Figure 24 shows the overall functionality of the system, and roughly corresponds to the procedures
in the simulation program.
4.2 The algorithm in pseudocode
The user builds a knowledge base in the form of a semantic net. (This can be stored in a separate file
in the special format required by the program, or else hard-coded into the program.)
Input query. User supplies one to three node names and the desired relationship to find. System
supplies constant external input of 1.0 to each of the user-supplied query nodes. System decides
which node corresponds to the solution node (this is usually a user-invisible conjunctive node),
and the waveform that should correspond to that solution node to solve that query. If the
solution node does not already exist in the knowledge base, the solution node is created but is
linked to the fantasy node and very limited links are created to the solution node.

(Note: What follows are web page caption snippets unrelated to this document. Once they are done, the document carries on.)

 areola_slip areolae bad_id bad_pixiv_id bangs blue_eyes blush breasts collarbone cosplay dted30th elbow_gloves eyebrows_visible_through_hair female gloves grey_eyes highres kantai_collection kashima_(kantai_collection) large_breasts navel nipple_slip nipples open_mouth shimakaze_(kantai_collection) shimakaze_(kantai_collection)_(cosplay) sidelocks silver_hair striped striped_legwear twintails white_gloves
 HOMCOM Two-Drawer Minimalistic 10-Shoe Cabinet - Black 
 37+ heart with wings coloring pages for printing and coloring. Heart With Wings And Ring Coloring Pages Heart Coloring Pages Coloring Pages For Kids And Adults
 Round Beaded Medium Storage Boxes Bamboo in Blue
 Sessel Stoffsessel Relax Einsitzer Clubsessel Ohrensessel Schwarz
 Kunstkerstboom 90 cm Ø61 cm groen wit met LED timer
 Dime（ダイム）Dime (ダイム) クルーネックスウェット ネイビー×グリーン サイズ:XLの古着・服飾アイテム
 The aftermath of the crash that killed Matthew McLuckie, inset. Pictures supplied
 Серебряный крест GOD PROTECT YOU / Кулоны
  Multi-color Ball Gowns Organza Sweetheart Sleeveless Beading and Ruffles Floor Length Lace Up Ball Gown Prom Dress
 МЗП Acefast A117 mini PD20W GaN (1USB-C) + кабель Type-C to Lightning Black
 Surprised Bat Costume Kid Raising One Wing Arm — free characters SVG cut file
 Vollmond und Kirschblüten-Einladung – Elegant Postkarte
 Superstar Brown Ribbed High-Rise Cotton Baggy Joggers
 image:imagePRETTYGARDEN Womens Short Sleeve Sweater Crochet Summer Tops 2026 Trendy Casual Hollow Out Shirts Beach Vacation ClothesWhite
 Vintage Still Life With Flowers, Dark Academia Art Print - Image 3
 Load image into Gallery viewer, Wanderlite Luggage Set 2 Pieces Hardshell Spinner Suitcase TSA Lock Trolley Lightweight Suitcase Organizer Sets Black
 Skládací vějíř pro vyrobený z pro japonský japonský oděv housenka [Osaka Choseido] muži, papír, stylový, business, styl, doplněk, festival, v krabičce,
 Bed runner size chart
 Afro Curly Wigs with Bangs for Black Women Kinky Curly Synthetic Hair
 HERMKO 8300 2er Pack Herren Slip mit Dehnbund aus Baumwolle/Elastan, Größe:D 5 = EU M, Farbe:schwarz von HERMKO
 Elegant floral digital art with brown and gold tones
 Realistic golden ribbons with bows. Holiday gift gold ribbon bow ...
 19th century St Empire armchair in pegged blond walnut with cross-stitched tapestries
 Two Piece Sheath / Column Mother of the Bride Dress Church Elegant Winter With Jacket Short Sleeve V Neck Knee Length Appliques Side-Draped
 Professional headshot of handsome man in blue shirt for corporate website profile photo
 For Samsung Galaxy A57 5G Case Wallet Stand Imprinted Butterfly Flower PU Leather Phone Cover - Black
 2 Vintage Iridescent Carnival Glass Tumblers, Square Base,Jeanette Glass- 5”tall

Initialize. System chooses an initial T-link. (Theoretically, any T-link is acceptable as an initial
T-link.) Miscellaneous technical bookkeeping: Old values are same as new values, since we are
just starting: (R' and D' have not been found yet.) T-link' <- T-link
State update. Reset activations. Reset all node activations to 0, including conjunctive nodes,
except for those with external input, and S, which must have activation 1. With respect to the
current T-link, collect all emanating T-links and improper adjacent T-links. ("Improper
adjacent" means include the current T-link with the "proper adjacent" T-links.)
Emanate from FOA: With S node at activation 1, send its signal to all adjacent nodes over the
weight links w, wave links v, and tid links x, and calculate the values within all those adjacent
nodes. This will produce a set of candidate SRD nodes, each of which represents a T-link.
Detect and report any solutions. Is the solution node firing with activation level close to 1.00
and with the solution waveform? (The simulation currently uses a threshold of 0.80 since this
exceeds the activation that would be caused by only two nodes of the maximum query arity
(viz., 3), since activation of 2/3 = 0.67 < 0.80.)
Yes: Success, relationship found, report solution and continue.
No: Failure, relationship not found, continue searching, using same S node as the focus
node, go to next step.
Find winning T-link. The "winning T-link" is the T-link having the maximum value determined
by the employed heuristic. (The search could be more powerful in the future by relaxing the S-
adjacency constraint.) If the winning T-link must equal the current T-link, so be it. Find which
of the three winning nodes of next T-link are S, R, D nodes. If T-link is different than T-link'
then S' = the node that is common to T-link and T-link', else S' = node that has max activation
of R and D (do not use S again.)
Does shunt learning apply? (Shunt learning currently has priority over chain learning.)
Yes: Shunt learn. Age T-link according to upcoming nodes: T-link <- T-link'.
No: Do nothing, continue.
else does chain learning apply? (This will not apply until there a history of at least two T-links.)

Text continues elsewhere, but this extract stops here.